Nanoparticle characterization is necessary to establish understanding and control of nanoparticle synthesis and applications. Characterization is done by using a variety of different techniques, mainly drawn from materials science. Common techniques are electron microscopy (transmission electron microscopy (TEM) and scanning electron microscopy (SEM)), atomic force microscopy (AFM), dynamic light scattering (DLS), x-ray photoelectron spectroscopy (XPS), powder x-ray diffractometry (XRD), Fourier transform infrared spectroscopy (FTIR), Matrix-Assisted Laser-Desorption Time-of-flight mass spectrometry (MALDI-TOF), and Ultraviolet-visible spectroscopy.
Although the theory of Brownian motion has been known for over a century, the technology for Nanoparticle tracking analysis (NTA) allows direct tracking of the Brownian motion, and this method therefore allows the sizing of individual nanoparticles in solution.
There are several methods for creating nanoparticles; attrition and pyrolysis are common methods.
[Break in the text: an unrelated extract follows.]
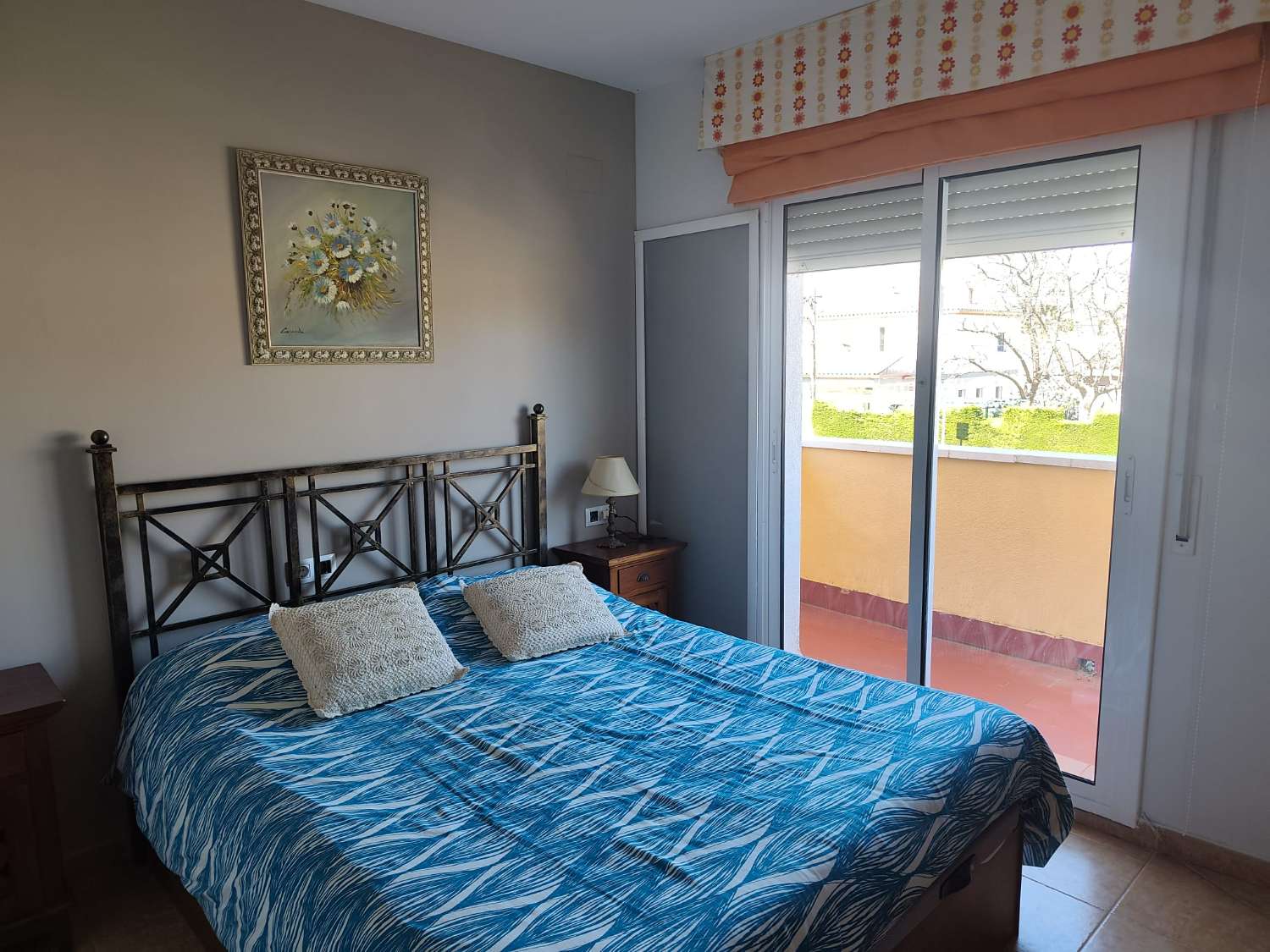 Casa adosada esquinera en Mont Roig del Camp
In attrition, macro or micro scale particles are ground in a ball mill, a planetary ball mill, or other size reducing mechanism. The resulting particles are air classified to recover nanoparticles.
In pyrolysis, a vaporous precursor (liquid or gas) is forced through an orifice at high pressure and burned. The resulting solid (a version of soot) is air classified to recover oxide particles from by-product gases. Pyrolysis often results in aggregates and agglomerates rather than singleton primary particles.
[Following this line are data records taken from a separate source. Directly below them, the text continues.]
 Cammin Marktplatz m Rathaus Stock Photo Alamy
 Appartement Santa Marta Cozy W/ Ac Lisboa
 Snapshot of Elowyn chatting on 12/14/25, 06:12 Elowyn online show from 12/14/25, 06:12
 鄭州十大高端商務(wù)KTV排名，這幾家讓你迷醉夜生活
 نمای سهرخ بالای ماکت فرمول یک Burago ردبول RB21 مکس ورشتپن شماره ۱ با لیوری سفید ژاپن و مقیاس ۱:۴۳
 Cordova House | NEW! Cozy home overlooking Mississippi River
A thermal plasma can also deliver the energy necessary to cause evaporation of small micrometer size particles. The thermal plasma temperatures are in the order of 10000 K, so that solid powder easily evaporates. Nanoparticles are formed upon cooling while exiting the plasma region. The main types of the thermal plasmas torches used to produce nanoparticles are dc plasma jet, dc arc plasma and radio frequency (RF) induction plasmas. In the arc plasma reactors, the energy necessary for evaporation and reaction is provided by an electric arc which forms between the anode and the cathode. For example, silica sand can be vaporized with an arc plasma at atmospheric pressure. The resulting mixture of plasma gas and silica vapor can be rapidly cooled by quenching with oxygen, thus ensuring the quality of the fumed silica produced. In RF induction plasma torches, energy coupling to the plasma is accomplished through the electromagnetic field generated by the induction coil. The plasma gas does not come in contact with electrodes, thus eliminating possible sources of contamination and allowing the operation of such plasma torches with a wide range of gases including inert, reducing, oxidizing and other corrosive atmospheres. The working frequency is typically between 200 kHz and 40 MHz. Laboratory units run at power levels in the order of 30-50 kW while the large scale industrial units have been tested at power levels up to 1 MW. As the residence time of the injected feed droplets in the plasma is very short it is important that the droplet sizes are small enough in order to obtain complete evaporation. The RF plasma method has been used to synthesize different nanoparticle materials, for example synthesis of various ceramic nanoparticles such as oxides, carbours/carbides, and nitrides of Ti and Si.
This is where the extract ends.